Using Tomm’s Ipscope model to look at interactional patterns between people (both in families and in organisations) and using this to contribute to an ongoing assessment and intervention.

Day 8

Using CMM to support systemic social work

Understanding how to use CMM within the children’s social care context.

Understanding the development of Social Constructionism and how language constructs realities.

Develop an understanding of the range of models within CMM including: the hierarchical model, the LUUUUT and serpentine models.

To use CMM as a method of exploration and intervention to create change in practice.

Day 9

Course review day

Students to review their learning and take part in an interactive process, in order to identify gaps in their theory and learning.

Students to attend one to one tutorial, to reflect and think about learning.

Students to share their systemic supervision log to date.

Day 10

Using creativity in systemic social work

Understanding how creative techniques can be used in our work to develop relationships in which communication can be constructed through verbal/non-verbal mediums.

Importance of understanding preferred learning and communication styles in order to be more collaborative and effect greater change.

Developing more confidence using long standing creative clinical practices and systemic techniques with harder to reach families within children’s social care.

Day 11

Revisiting narrative approaches in systemic social work

Understanding how narrative ideas can be used with families and organisations to support the development of multiple perspectives including the supervisory context.

Developing self and relational reflexivity by understanding how narratives and discourses hold a certain power and influence over our stories lived and stories told.

Using narrative approaches to challenge the dominant and privileged discourse.

Helping practitioners to see stories of resilience and strength in families to support the management of risk.

Understanding the ‘Internalised Other’ interviewing technique and how this can be used to support a systemic intervention.

Day 12

What research is out there?

Practitioners to develop an overview of the key pieces of research within systemic practice and social work in order to develop more meaningful interventions to manage risk.

Develop skills in reading and critiquing research in order to support practice.

Understanding the difference between evidence based practice and practice based evidence.

Day 13

Managing risk

Understanding how to view issues of risk within a systemic frame, thinking about how risk plays a function within the system, using systemic models, concepts and supervision to support assessment and management of risk.

Developing greater confidence in approaching and intervening with families to address complex issues of risk, holding to a commitment to keep families together.

Practitioners to develop a both/and approach in considering both systemic interventions as well as traditional legal/statutory first order responses.
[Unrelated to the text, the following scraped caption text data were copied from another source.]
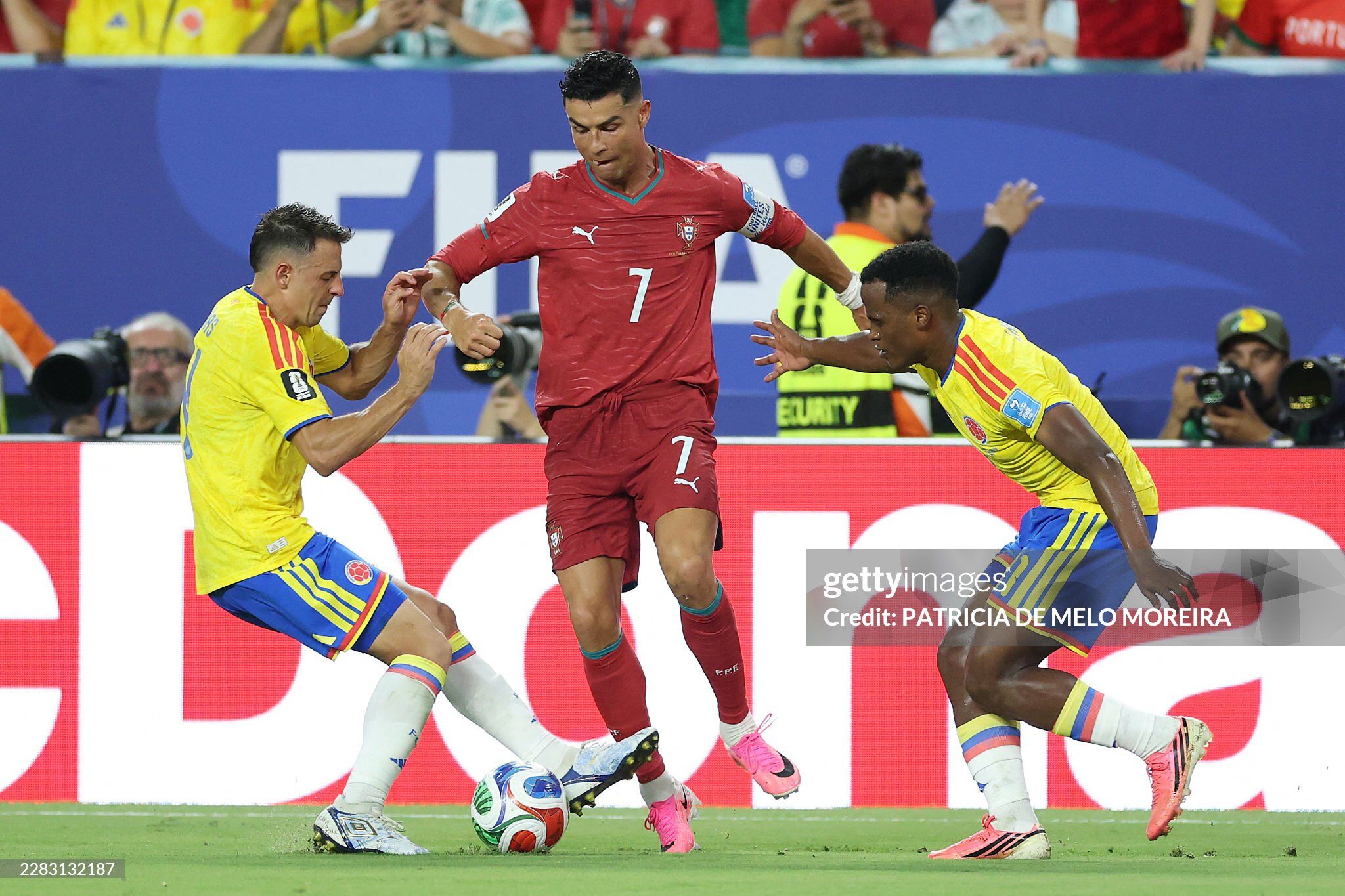 Bồ Đào Nha vất vả đấu Colombia: Ronaldo ôm vai đau đớn, hụt siêu phẩm - 9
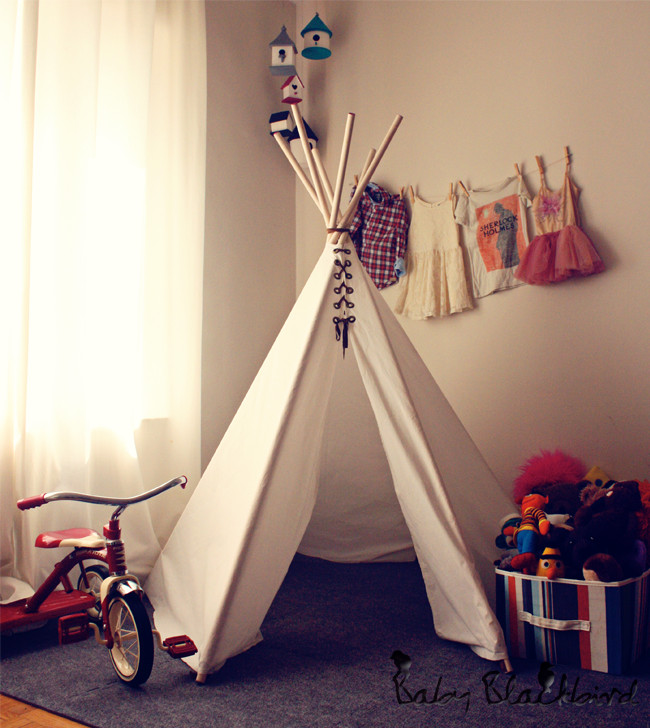 DIY Toddler Teepee
 15 DIY Teepees and Play Tents Your Kids Will Spend All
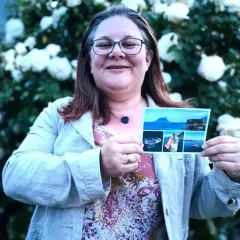 Женщина еще школьницей бросила в море бутылку с письмом и через 31 год получила ответ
Develop self and relational reflexivity using the Social GGGRRAACCCEEESSS thinking about the relationship between the local authority and family and how this may influence the assessment and management of risk.

Day 14

Managing power within the domain of aesthetics

Practitioners to consider the concept of power from a systemic epistemology and to understand the affordances and constraints of differing positions.

Practitioners to examine their own ideas of power in relation to their work in a hierarchical organisation whilst developing the ability to keep in mind the wider social context including other agencies and acts of oppression (both current and historical).

Practitioners to develop self-reflexivity in how they manage their power (actual or perceived) and how this relates to issues of shame and blame.

Day 15

The ethical positioning of endings

Students to explore their relationship to endings and how this might influence their practice when working with children and families.

Understanding the dilemmas and process of ending involvement and how this is influenced by organisational and ethical positioning within a children’s social care context.

Developing confidence in using various systemic models and concepts to support ethical decision making around endings.